Sunday, April 5, 2015

Installing Skid Plates

With the hole in the stern covered with kevlar, it's time to install the skid plates.


This is the skid plate kit from Harmony: two kevlar felt pads and epoxy are the main items. Also included are sandpaper, stirring stick, sanding foams, gloves, mixing bucket and a brush.
I placed the skid plate on the stern, marked and traced its shape and position in pencil, then lightly sanded the surface within the marks. I masked the area with painter's tape and paper to catch epoxy drips. The same was done at the bow. The yellow you see is the kevlar cloth patch on the stern, not the skid plate, which hasn't been installed yet.
The epoxy was mixed, then about a quarter of it poured onto a long, flat clean piece of corrugated cardboard on which I'd already traced the shape of the skid plate. I spread the epoxy to fill the traced shape, laid the kevlar felt onto it, then used a ridged roller and a plastic spreader to mash the felt into the epoxy. When it had soaked up as much as it could, I poured another quarter of the epoxy onto the top of the felt and worked it in from above.
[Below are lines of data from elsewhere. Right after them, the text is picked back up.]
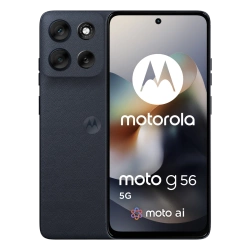 Motorola Moto G56 5G 8/512GB Czarny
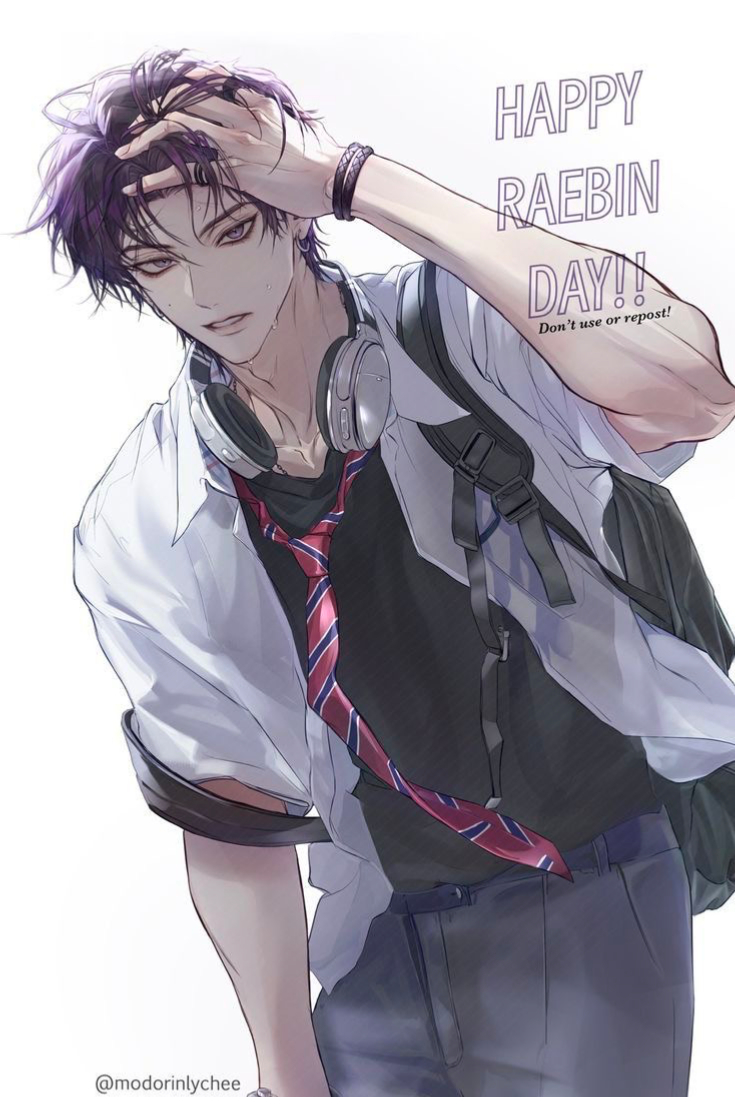 Reibin Hatsuya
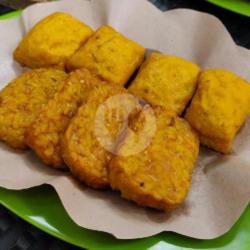 Tahu Goreng Gurih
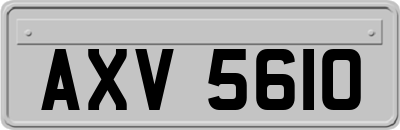 AXV5610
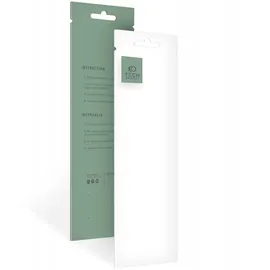 TECH-PROTECT Etui Xiaomi Smart Band 8 / 8 NFC Tech-Protect LeatherFit czarne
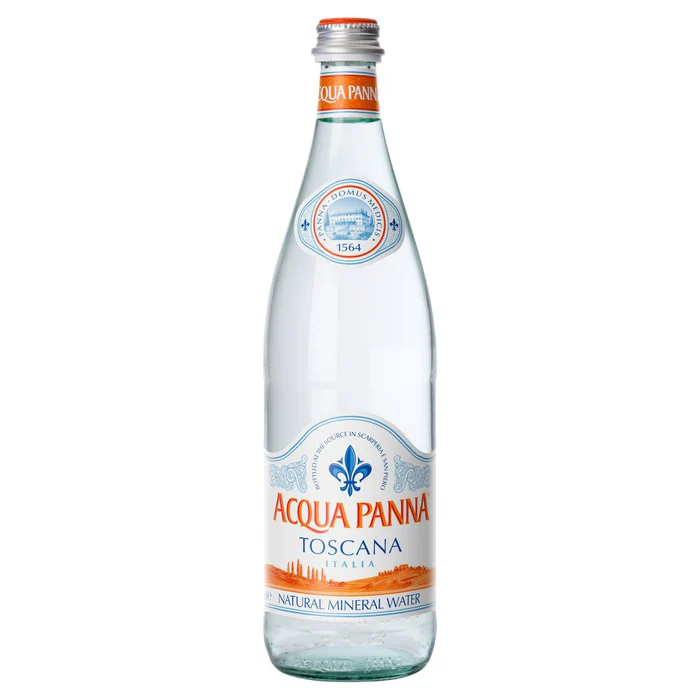 ACQUA PANNA Still Mineral Water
Working quickly, I then placed the saturated felt on the canoe at the stern, and repeated the process for the bow plate.
With both plates laid in position, I used the ridged roller, plastic spreader and brush to press them down, eliminating folds and puckers and forcing out any air trapped beneath. I brushed the last drops of epoxy from the bucket and dabbed it all around the edges of the plates, poking them down with the ends of the bristles to get them to adhere tightly. (I use cheap chip brushes for most epoxy work, cutting the bristles off to about half their length to have a stiffer brush to work with.) The wet felt stretches a bit lengthwise, which is why I didn't mask the "top" end (i.e., toward the middle of the canoe). 
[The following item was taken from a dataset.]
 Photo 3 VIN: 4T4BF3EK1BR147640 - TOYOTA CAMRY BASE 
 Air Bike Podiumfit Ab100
Once the epoxy had begun to set but before it was hard, I pulled off the masking tape and paper. Both ends came out neat. 
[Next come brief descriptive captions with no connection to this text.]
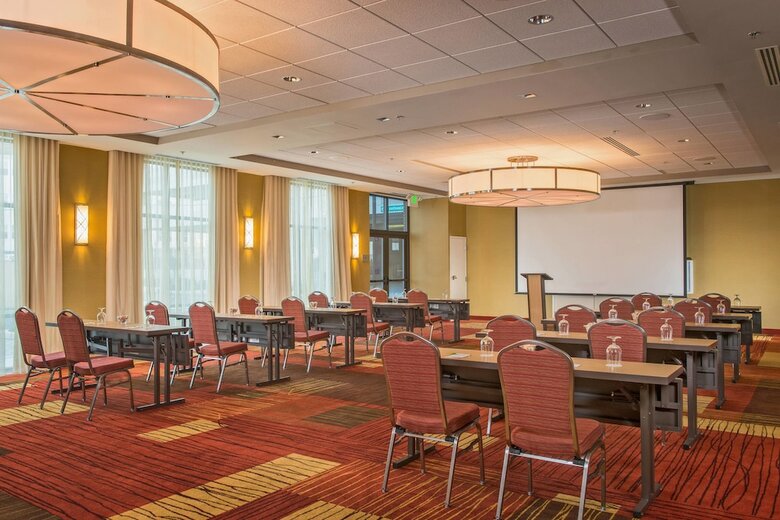 Hotel Courtyard Glassboro Rowan University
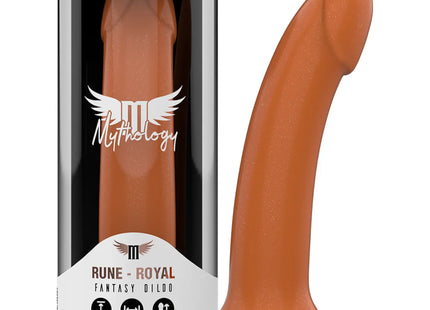 MYTHOLOGY - RUNE KÖNIGLICHER DILDO M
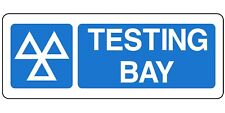 Vehicle mot test for sale  LYTHAM ST. ANNES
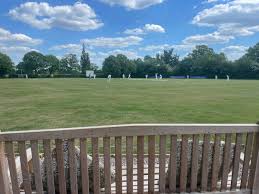 Image result for Alne Cricket Club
One slightly disturbing item: this is the cardboard on which the epoxy was poured and the felt saturated. About halfway along the wet area, you can see a bare rectangular area where the epoxy didn't wet the cardboard. This was an area previously covered by plastic packaging tape. I don't know what became of the tape: did it adhere to the bottom of the felt? Did the epoxy dissolve it? Will either of those possibilities interfere with the adhesion of the skid plate? I don't know.
The bow skid plate after the epoxy had cured.
Close-up of the skid plate after the epoxy dried. It's a fuzzy, nappy finish, which will get smoothed down with use.